Archives of Support Questions (Read Only)

This is an archived board for historical reference. Information and links may no longer be available or relevant
Announcements
This board is archived and read-only for historical reference. To ask a new question, please post a new topic on the appropriate active board.

Access spark temporary table via JDBC

avatar

Hi,

 I have found a general template how to access spark temporary data (id data frame) via an external tool using JDBC. What I have found that it should be quite simple:

1. Run spark-shell or submit spark job

2. Configure HiveContext and then run HiveThirftServer from the job.

 

In a separate session access the thrift server via beeline and query data.

 

Here is my code Spark 2.1:

 

import org.apache.spark.sql.hive.HiveContext
import org.apache.spark.sql.hive.thriftserver.HiveThriftServer2
import org.apache.spark.sql.hive.thriftserver._

val sql = new HiveContext(sc)
sql.setConf("hive.server2.thrift.port", "10002")
sql.setConf("hive.server2.authentication","KERBEROS" )
sql.setConf("hive.server2.authentication.kerberos.principal","hive/host1.lab.hadoop.net@LAB.HADOOP.NET" )
sql.setConf("hive.server2.authentication.kerberos.keytab","/home/h.keytab" )
sql.setConf("spark.sql.hive.thriftServer.singleSession","true")
val data = sql.sql("select 112 as id")
data.collect
data.createOrReplaceTempView("yyy")
sql.sql("show tables").show

HiveThriftServer2.startWithContext(sql)     
 WARN metastore.ObjectStore: Version information not found in metastore. hive.metastore.schema.verification is not enabled so recording the schema version 1.2.0
 WARN metastore.ObjectStore: Failed to get database default, returning NoSuchObjectException     

Connect to the JDBC server:

beeline -u "jdbc:hive2://localhost:10002/default;principal=hive/host1.lab.hadoop.net@LAB.HADOOP.NET"

 

However when I try to launch the HiveThriftServer2 I can access the spark thrift but do not see the temporary table. Command "show tables" do not show any temporary table. Trying to query "yyy" throws an error:

 

scala> sql.sql("show tables").collect
res11: Array[org.apache.spark.sql.Row] = Array([,sometablename,true], [,yyy,true])
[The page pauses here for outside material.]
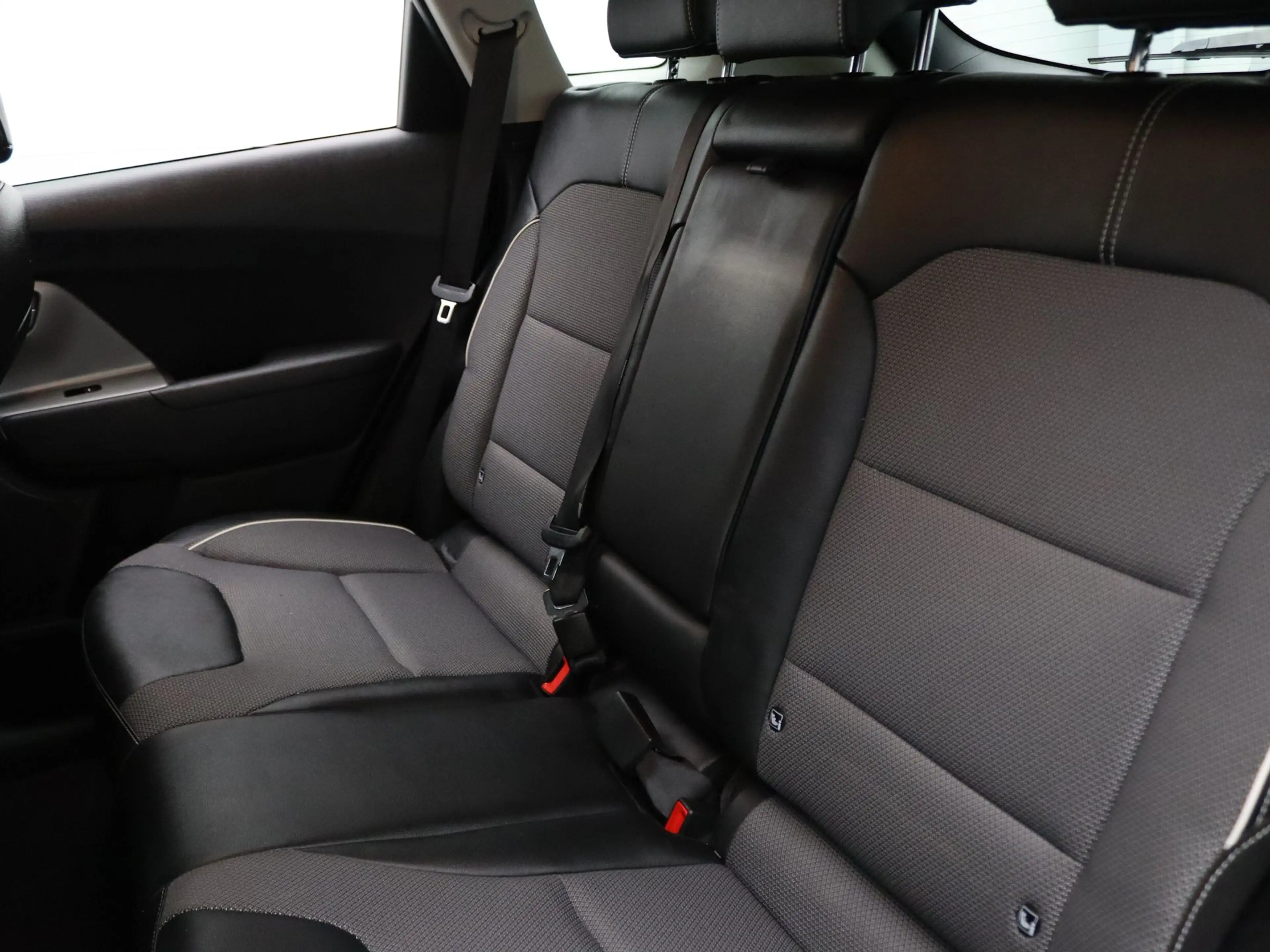 Kia e-Niro 204pk DynamicPlusLine 64 kWh Apple Carplay/Android — photo 29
scala> 17/03/06 11:15:50 ERROR thriftserver.SparkExecuteStatementOperation: Error executing query, currentState RUNNING,
org.apache.spark.sql.AnalysisException: Table or view not found: yyy; line 1 pos 14
        at org.apache.spark.sql.catalyst.analysis.package$AnalysisErrorAt.failAnalysis(package.scala:42)
        at org.apache.spark.sql.catalyst.analysis.Analyzer$ResolveRelations$.org$apache$spark$sql$catalyst$analysis$Analyzer$ResolveRelations$$lookupTableFromCatalog(Analyzer.scala:459)
        at org.apache.spark.sql.catalyst.analysis.Analyzer$ResolveRelations$$anonfun$apply$8.applyOrElse(Analyzer.scala:478)
        at org.apache.spark.sql.catalyst.analysis.Analyzer$ResolveRelations$$anonfun$apply$8.applyOrElse(Analyzer.scala:463)
        at org.apache.spark.sql.catalyst.plans.logical.LogicalPlan$$anonfun$resolveOperators$1.apply(LogicalPlan.scala:61)
        at org.apache.spark.sql.catalyst.plans.logical.LogicalPlan$$anonfun$resolveOperators$1.apply(LogicalPlan.scala:61)

 

If I create a table from beeline via "create table t as select 100 as id" the table is created and I can see it in spark-shell (data stored locally in spark-warehouse directory) So the other direction is working.

 

So the question what I am missing, why I can't see the temporary table?

 

Thanks

1 ACCEPTED SOLUTION

avatar

I have found out what was the problem. The solution is to set the singleSession property to true in command line. Because setting it in a program seems to not work properly.

 

/bin/spark-shell --conf spark.sql.hive.thriftServer.singleSession=true

 

WORKS.

 

/bin/spark-shell

...

sql.setConf("spark.sql.hive.thriftServer.singleSession","true")

...

 

DOES NOT WORK

 

 

 

View solution in original post

2 REPLIES 2

avatar

I have found out what was the problem. The solution is to set the singleSession property to true in command line. Because setting it in a program seems to not work properly.

 

/bin/spark-shell --conf spark.sql.hive.thriftServer.singleSession=true

 

WORKS.

 

/bin/spark-shell

...

sql.setConf("spark.sql.hive.thriftServer.singleSession","true")

...

 

DOES NOT WORK

 

 

 

avatar
Visitor

I am using spark 2.0.2. Can you help me with build.sbt file.